After eight months of combat deployment, the US Navy announced last Monday that the strike group led by the aircraft carrier USS Gerald R. Ford, the largest warship in the world, was leaving the eastern Mediterranean Sea and returning home, CNN reported.
The US Sixth Fleet, which is based in Italy, said the strike group would be returning to its home port in Norfolk, Virginia in the “coming days.”
The USS Gerald R. Ford began its 8-month deployment on May 2.
First commissioned in 2017, the 100,000-ton Gerald R. Ford is the Navy’s first new carrier class vessel in more than 40 years.
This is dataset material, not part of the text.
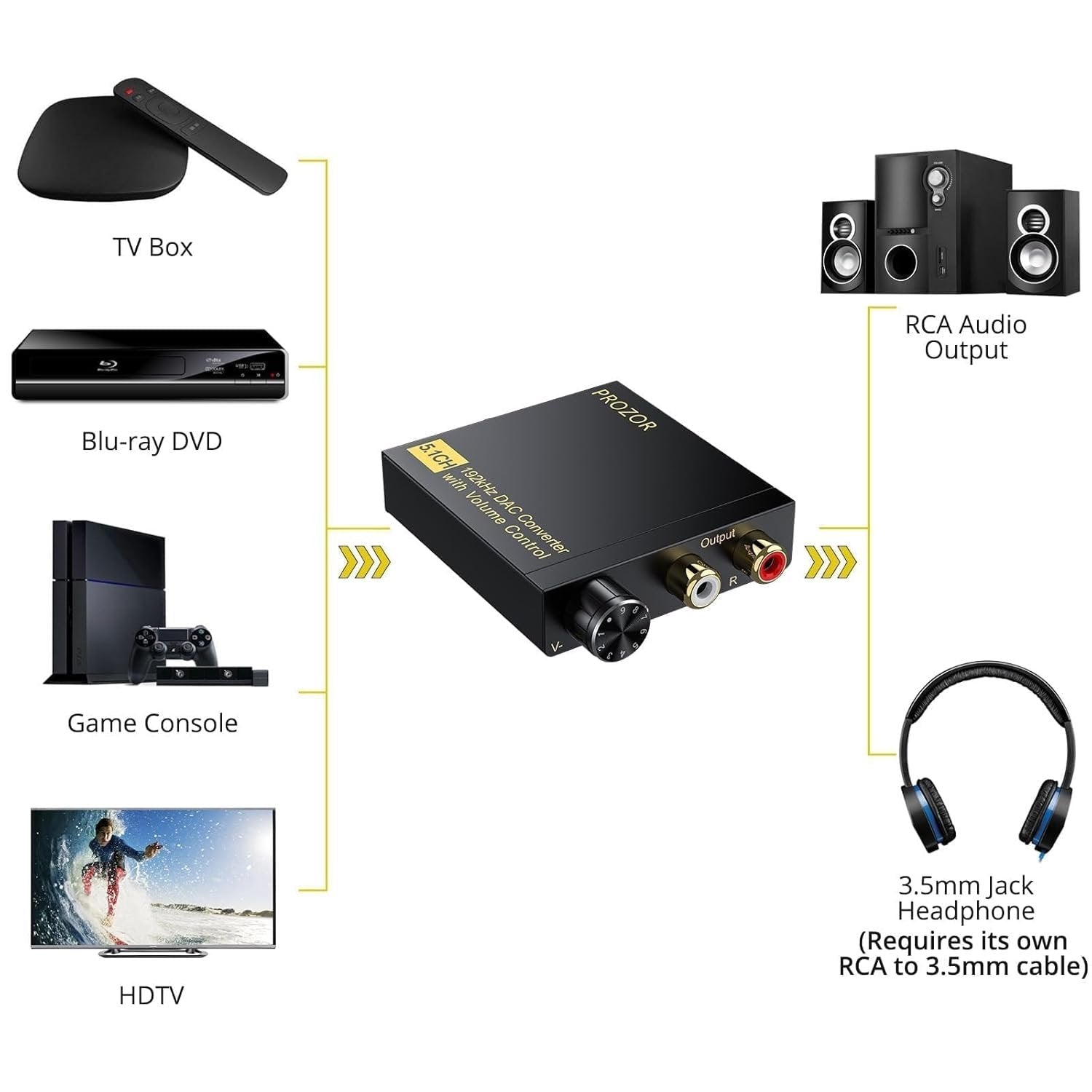 NÖRDIC Digital til Analog DAC 192Khz 5.1CH Koaksial Toslink DTS Dolby AC3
It carries a contingent of F/A-18 Super Hornet jets.
Following the October 7 Hamas terrorist attacks, the strike group led by the Gerald R. Ford arrived off the coast of Israel as part of the US’s “regional deterrence and defense posture,” according to the Sixth Fleet.
The Pentagon extended the Gerald R. Ford’s deployment in the Mediterranean three times since Israel’s war with Hamas began.
With its departure, the USS Eisenhower will be the only US Navy aircraft carrier in the Middle East to patrol the Red Sea where Houthi rebels in Yemen, since November, have launched dozens of attacks on container ships and merchant vessels.
Just one day before the Sixth Fleet announced that the Gerald R. Ford strike group was leaving the region, Houthi rebels in four small boats attempted to seize a container ship in the Southern Red Sea.
US Central Command reported on December 31 that the Maersk container ship Hangzhou sent a distress call reporting that it was under attack by four boats only hours after it had come under missile attack.
The USS Eisenhower and the destroyer the USS Gravely responded, deploying two helicopters. When the helicopter crews issued verbal commands to the boats, the Houthis aboard opened fire on the helicopters. The crews aboard the helicopters returned fire, sinking three of the boats and killing the rebels aboard.